Tuesday 15 January 2013

School isn't hard

School isn't hard. You come in, you pay attention to the geezer up front, you jolt a few things down, you leave the room and you come in again the next day to do the same thing over. When you compare it to every other thing in life, work, surviving the Amazon jungle, navigating through the streams of the Pacific, it's not hard at all. People will look at students who complain that they have it worst and say, "man up, pussy!" and they're absolutely right. It's not hard.
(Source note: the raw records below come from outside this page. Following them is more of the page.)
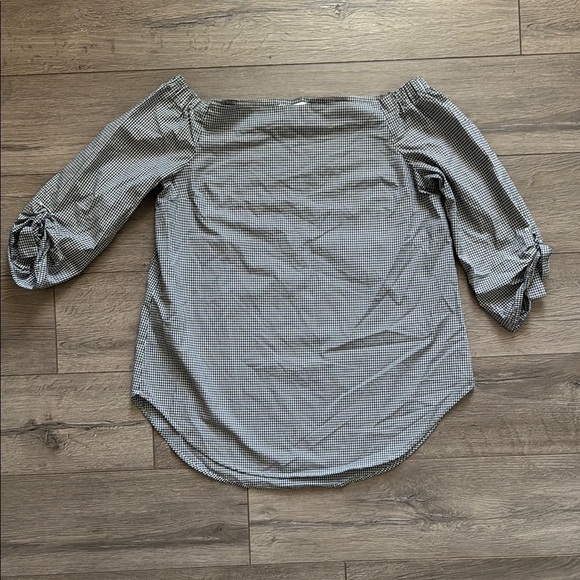 Babaton Black and White Gingham Off-the-Shoulder Relaxed Blouse - Picture 5 of 8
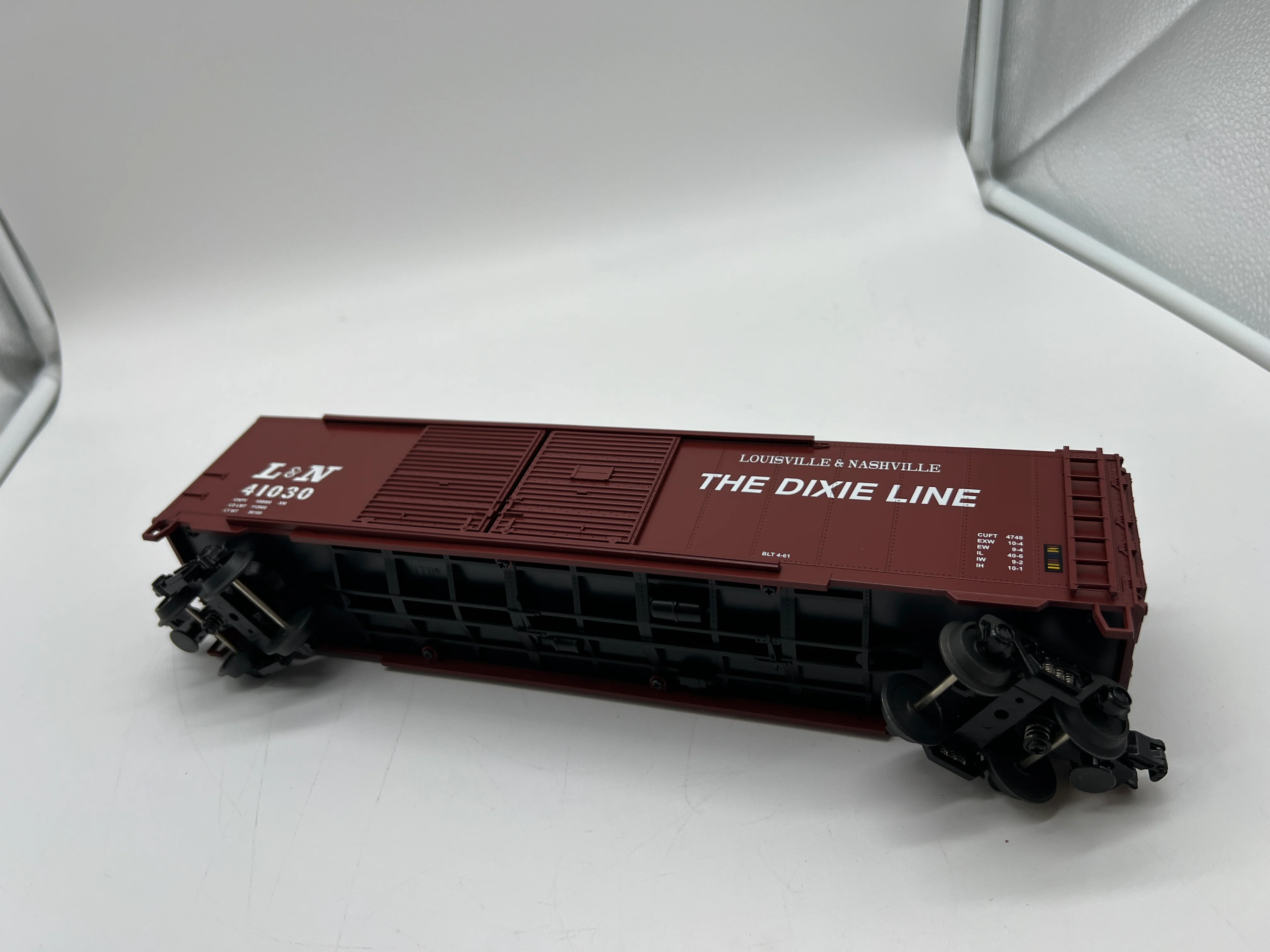 MTH 20-93013  Louisville and Nashville 50' double door boxcar #41030 O SCALE Like New - Image 9
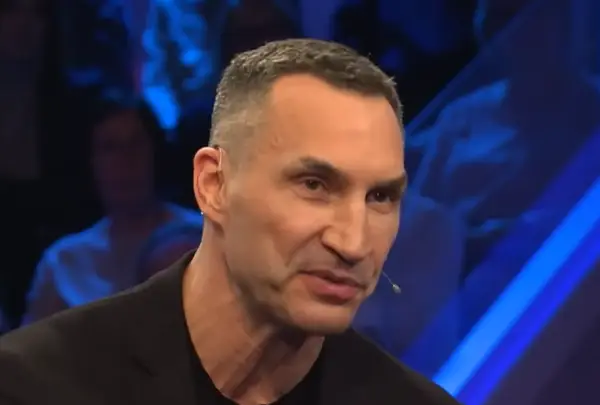 Двајца убиени и пет повредени меѓу кои и дете во пукотница во Киев, соопшти градоначалникот Кличко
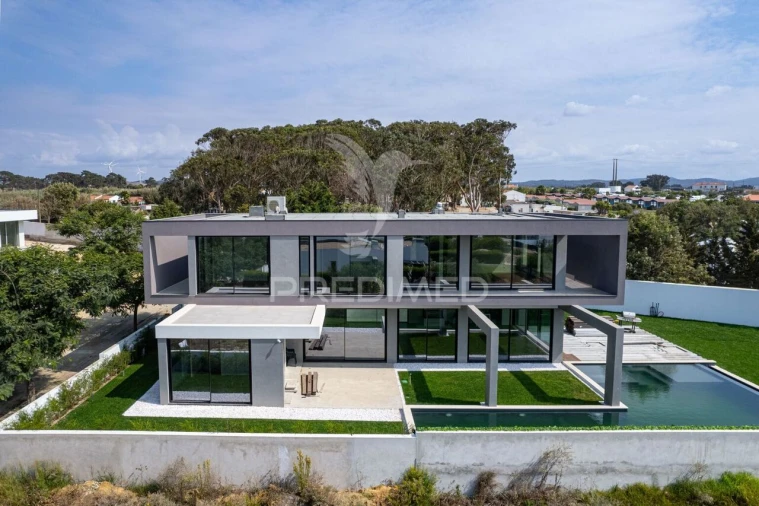 Moradia T4 para Venda em Porto Covo Foto 39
It shouldn't be hard, right? Everybody else is cruising through it all just fine. So why can't I get it the fuck together? Maybe it's just nature trying to weed me out of the course, maybe it's just trying to signal to me that this is not my calling. But then what is? Where am I supposed to be if not here? What am I supposed to do if not this? And what if there is no calling for me at all? We like to believe that everyone must be good at something but some of us are just completely crap at everything. Like we're the crap, unfortunate version of Midas where anything we touch turns to crap, disgusting, worthless, crap.

It's so simple. I'm not working two jobs on the side. I have access to a lot of information and facilities that should help me bat off every curve ball flying at my face. My parents are supportive in every way possible. So why am I still crap? Lack of talent? Lack of passion? Fuck it all. Failure sucks, I wish it'd just fuck off.